When Gary Valentine (newcomer Cooper Hoffman, son of Philip Seymour) catches sight of his high school yearbook photographer’s assistant Alana Kane (newcomer Alana Haim), he asks her out to dinner.  Alana, in her early twenties, is astonished by this teenager’s chutzpah, then equally astonished that she actually shows up at the Tail ‘o the Cock restaurant where Gary is, apparently, a regular.  When child actor Gary realizes his career is over, he becomes surprisingly successful with diverse entrepreneurial endeavors, keeping the aimless Alana by his side by becoming her boss in “Licorice Pizza.”


Laura's Review: B+

Writer/director Paul Thomas Anderson ("Boogie Nights," "The Phantom Thread") has created adelightful, loosey goosey romantic comedy based on the childhood misadventures of his friend, Hollywood producer Gary Goetzman, and his own experiences growing up in the San Fernando Valley.  Anyone concerned about the age difference of this romantic couple should note that the film takes place over the course of a couple of years and while the attraction is obvious, it is mostly chaste.  “Licorice Pizza” (the title comes from an area record store chain of the time, although it is not mentioned in the film) charts soul mates navigating the awkward circumstance of a ten year age gap when one is statutory bait set against the very different times of the 1970’s.

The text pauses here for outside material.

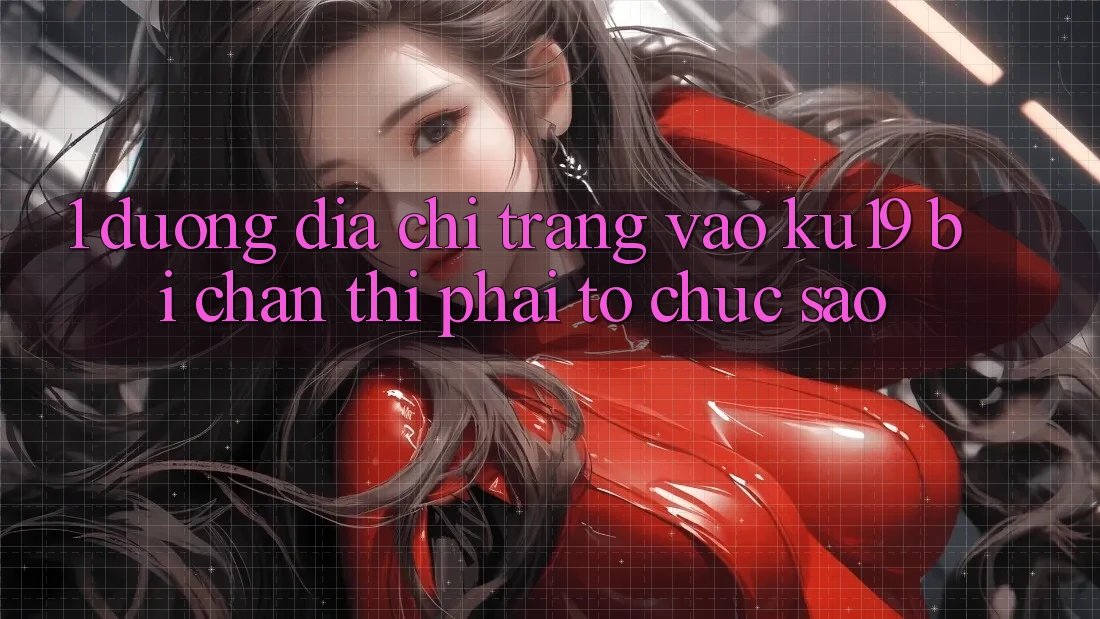 1. Đường địa chỉ trang vào ku19 bị chặn thì phải tổ chức sao?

The supremely confident Gary has just starred in "Under One Roof" (referring to “Yours, Mine and Ours” – the film mixes real people and events with slightly modified versions), but he requires a chaperone to accompany him to a NYC promotional gig and his single mother cannot go.  Alana’s thrilled to be asked to go on a free cross country trip, but Gary, whose lewd double entendre during a group interview infuriates Lucy Doolittle (Christine Ebersole as a thinly disguised Lucille Ball), has overplayed his hand as Alana begins dating his older costar Lance Brannigan (Skylar Gisondo).  Throughout the course of the film, this dynamic will swing back and forth, Alana disgruntled when Gary shows interest in a girl his own age.  And yet these two’s support for one another is rock solid, Anderson displaying each one’s concern in a series of scenes that has one running to the other’s rescue.

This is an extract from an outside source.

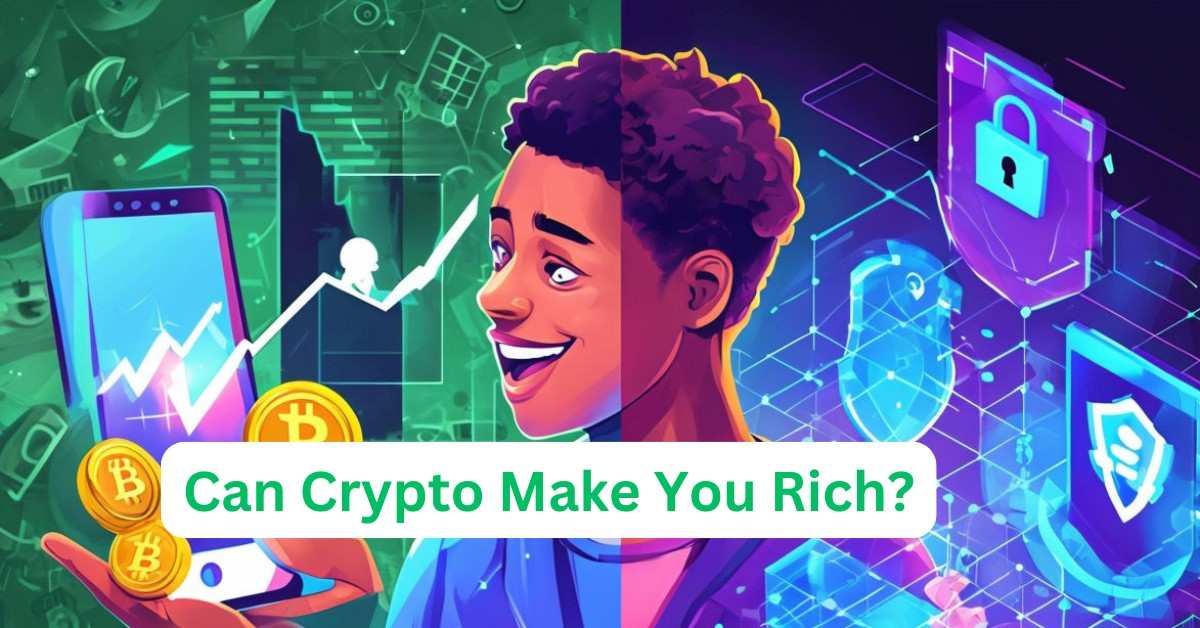 Can Crypto Make You Rich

The film is episodic, jumping across varying lengths of time.  Back in California, Gary gets a booth at a Teen Pop expo, but is arrested for murder in a case of mistaken identify (watch for John C. Reilly as Herman Munster).  He gets Alana an interview with his agent (Harriet Sansom Harris, TV's 'Desperate Housewives,' in the film’s funniest supporting turn), which eventually ends up with her being courted by Jack Holden (Sean Penn, doing a surprisingly good take on William Holden) at that same Tail ‘o the Cock, Gary smoldering with fury in another booth.  But when director Rex Blau (Tom Waits) cooks up a weird motorcycle stunt at an adjacent golf course, Gary’s there when Alana flies off the back of Jack’s bike.  Alana will work for Gary’s booming waterbed business, culminating in an outrageous run-in with coked up customer Jon Peters (Bradley Cooper) and driving backwards down a narrow, twisty road in a manual shift moving van (Haim actually did most of this!).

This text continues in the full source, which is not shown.